My husband and I discussed faith‑based initiatives often since President Bush raised the issue. Our neighbors might call it arguing. What they may not understand is that if one cannot not discuss an issue with passion (a.k.a. volume), it isn't worth discussing in the first place.

It's not that we're on opposite sides of the issue. We're much closer than that. I'm foursquare against it. Separating church from state is good for religious freedom, and even better for the rest of the freedoms we hold dear. I’m not anti religious, I’m anti moral superiority. He is, or more accurately was, neutral on the question. He believed it could be a good thing if handled correctly. Religious institutions can be closer to the people who need services.

What won him over to my position was the Salvation Army document exposed by The Washington Post. The internal and private communique, states they have a "firm commitment" from the White House to help them with a sticky little regulation. In exchange, they would throw their considerable resources to get the Bush faith-based initiatives passed.

The sticky little issue . . . permission to discriminate.

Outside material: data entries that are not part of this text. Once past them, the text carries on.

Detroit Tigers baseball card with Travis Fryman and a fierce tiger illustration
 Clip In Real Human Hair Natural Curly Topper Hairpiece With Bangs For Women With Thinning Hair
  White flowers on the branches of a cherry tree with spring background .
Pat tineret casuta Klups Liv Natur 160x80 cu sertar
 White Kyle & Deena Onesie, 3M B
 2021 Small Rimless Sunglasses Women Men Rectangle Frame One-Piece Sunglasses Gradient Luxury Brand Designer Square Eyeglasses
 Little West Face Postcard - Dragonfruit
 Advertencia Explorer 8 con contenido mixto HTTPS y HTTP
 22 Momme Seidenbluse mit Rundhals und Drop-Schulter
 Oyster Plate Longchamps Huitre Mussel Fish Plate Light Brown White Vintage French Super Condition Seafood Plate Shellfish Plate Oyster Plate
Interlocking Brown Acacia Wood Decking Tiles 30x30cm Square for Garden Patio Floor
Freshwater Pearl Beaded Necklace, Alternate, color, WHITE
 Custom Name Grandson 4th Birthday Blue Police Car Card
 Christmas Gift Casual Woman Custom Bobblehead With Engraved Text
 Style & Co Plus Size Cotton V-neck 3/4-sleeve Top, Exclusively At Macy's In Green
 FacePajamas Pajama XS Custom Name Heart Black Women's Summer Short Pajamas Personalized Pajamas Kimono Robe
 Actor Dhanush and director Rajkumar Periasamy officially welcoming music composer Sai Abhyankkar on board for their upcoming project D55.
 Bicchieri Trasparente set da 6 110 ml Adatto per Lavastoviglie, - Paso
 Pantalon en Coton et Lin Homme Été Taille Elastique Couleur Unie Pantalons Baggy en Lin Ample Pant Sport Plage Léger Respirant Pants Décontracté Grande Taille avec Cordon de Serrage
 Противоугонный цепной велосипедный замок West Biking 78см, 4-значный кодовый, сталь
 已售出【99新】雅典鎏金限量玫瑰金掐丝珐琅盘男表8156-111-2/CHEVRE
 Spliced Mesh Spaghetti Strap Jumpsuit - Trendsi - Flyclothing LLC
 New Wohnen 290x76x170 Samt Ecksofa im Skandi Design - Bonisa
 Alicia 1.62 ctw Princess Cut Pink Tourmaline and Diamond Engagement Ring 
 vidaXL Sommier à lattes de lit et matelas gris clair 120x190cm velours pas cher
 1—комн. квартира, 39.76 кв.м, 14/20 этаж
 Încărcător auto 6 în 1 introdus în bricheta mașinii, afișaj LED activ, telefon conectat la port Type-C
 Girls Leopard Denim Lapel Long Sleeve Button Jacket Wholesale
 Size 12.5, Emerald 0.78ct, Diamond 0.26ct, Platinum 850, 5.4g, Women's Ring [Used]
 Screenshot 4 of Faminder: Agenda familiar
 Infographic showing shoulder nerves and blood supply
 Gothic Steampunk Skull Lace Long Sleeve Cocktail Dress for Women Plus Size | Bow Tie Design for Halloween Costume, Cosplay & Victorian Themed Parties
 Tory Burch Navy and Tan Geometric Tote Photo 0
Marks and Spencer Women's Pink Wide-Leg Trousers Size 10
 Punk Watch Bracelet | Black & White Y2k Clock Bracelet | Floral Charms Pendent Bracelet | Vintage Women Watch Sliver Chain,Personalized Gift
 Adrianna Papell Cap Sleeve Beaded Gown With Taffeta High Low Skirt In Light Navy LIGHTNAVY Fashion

In brief, the Salvation Army wants to discriminate against gays and lesbians, usurping the power of those states and the scores of cities that have domestic partner rights and sexual orientation clauses in their anti-discrimination laws.

Churches already have an exemption that allows them to choose employees based on religion. Now supporters of faith‑based social services want to go further. They want to revise an Office of Management and Budget regulation to say that religious charities do not have to provide benefits that are incompatible with their beliefs.

They propose an end‑run around "we the people." If that isn't smarmy enough, it looks like the White House enthusiastically agreed that "this approach would be a better alternative than the legislative process, which is more time‑consuming and more visible."

Yeah, that pesky legislative process set up by Jefferson, Madison and the other framers of our liberty so that "we the people" could make rules ensuring that neither government nor organized religion overly control us. Apparently, the White House and the Salvation Army would rather use slight of hand to accomplish what they could not win in a national debate. This is back door politics at its absolute worst and it stinks worse than day‑old road kill.

We've come to expect this kind of influence pedaling from drug companies and oil barons, whose only God is profit. But from a church? My level of cynicism just shot through the roof.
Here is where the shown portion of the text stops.